PROVIDED DATA:
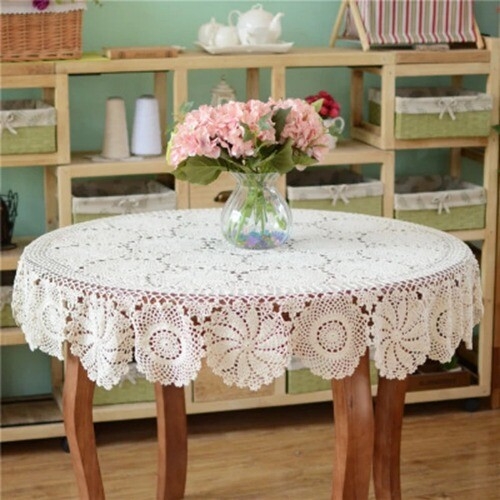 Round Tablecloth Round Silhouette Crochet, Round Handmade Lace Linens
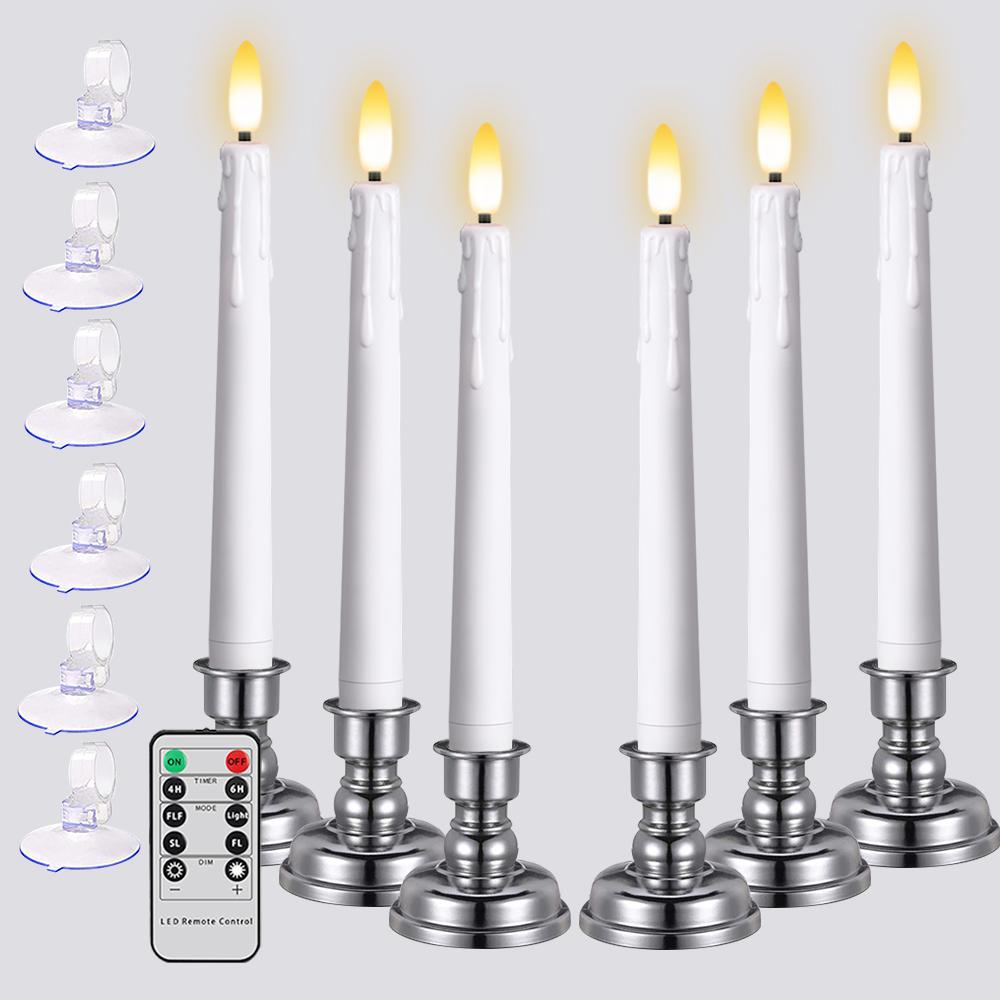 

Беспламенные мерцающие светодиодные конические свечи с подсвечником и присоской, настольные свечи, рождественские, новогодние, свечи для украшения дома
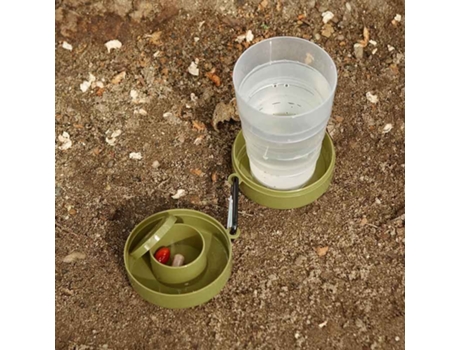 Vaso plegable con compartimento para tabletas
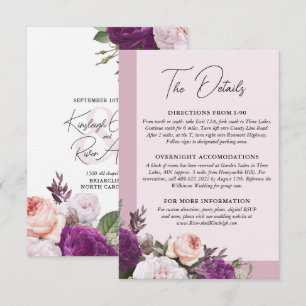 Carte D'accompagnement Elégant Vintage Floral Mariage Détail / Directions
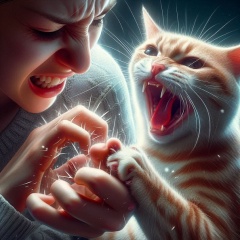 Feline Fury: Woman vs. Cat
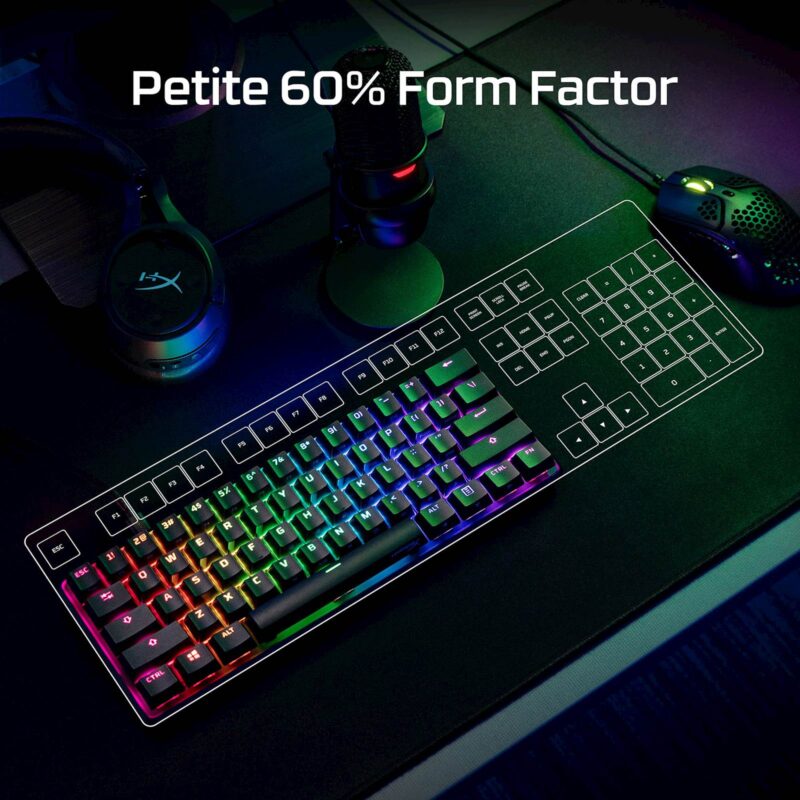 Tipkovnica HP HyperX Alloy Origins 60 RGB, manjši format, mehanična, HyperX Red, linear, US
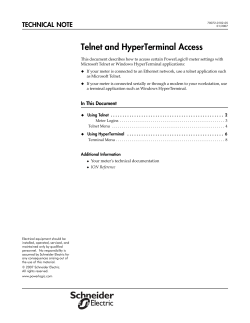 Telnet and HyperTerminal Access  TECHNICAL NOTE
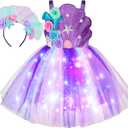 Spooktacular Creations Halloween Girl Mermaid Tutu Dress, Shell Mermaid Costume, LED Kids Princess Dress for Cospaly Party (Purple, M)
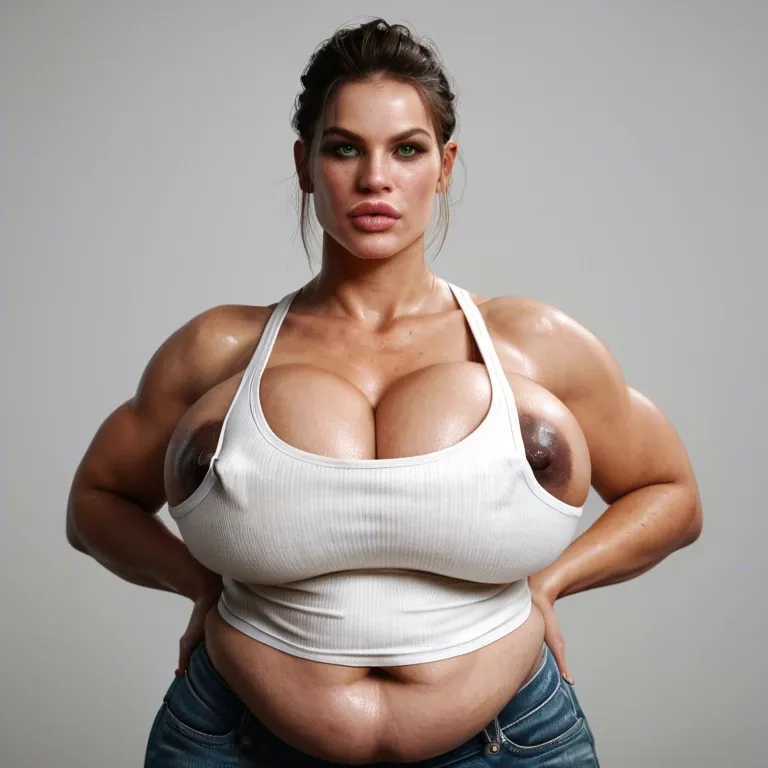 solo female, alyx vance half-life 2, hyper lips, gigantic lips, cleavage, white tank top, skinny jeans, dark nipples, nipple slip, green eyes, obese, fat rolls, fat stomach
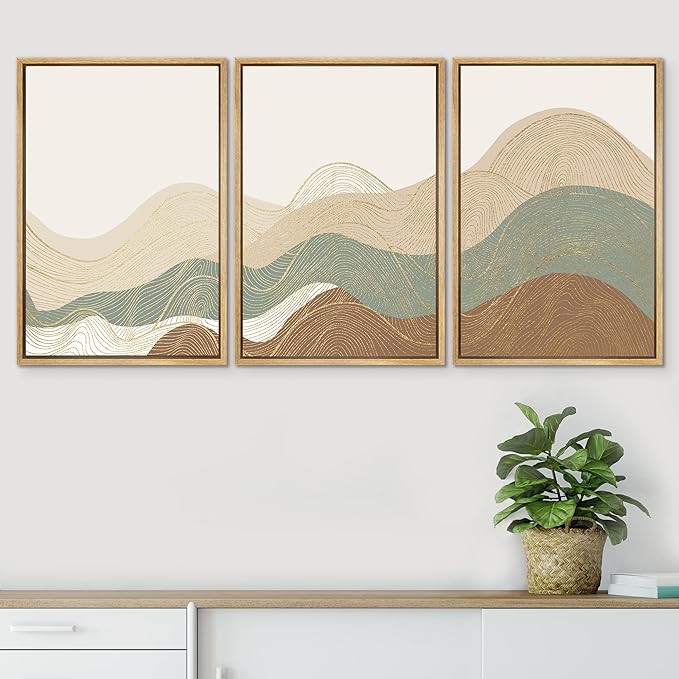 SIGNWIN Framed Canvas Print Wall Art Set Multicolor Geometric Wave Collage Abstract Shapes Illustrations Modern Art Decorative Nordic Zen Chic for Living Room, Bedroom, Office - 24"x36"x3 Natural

PROBLEM TO WORK ON:
Transcribe only the lines from the line holding "solo female, alyx" to the final line of the listing above. Keep them exact, include both ends, and skip the pictures.

RESPONSE TO THIS TASK:
 solo female, alyx vance half-life 2, hyper lips, gigantic lips, cleavage, white tank top, skinny jeans, dark nipples, nipple slip, green eyes, obese, fat rolls, fat stomach
 SIGNWIN Framed Canvas Print Wall Art Set Multicolor Geometric Wave Collage Abstract Shapes Illustrations Modern Art Decorative Nordic Zen Chic for Living Room, Bedroom, Office - 24"x36"x3 Natural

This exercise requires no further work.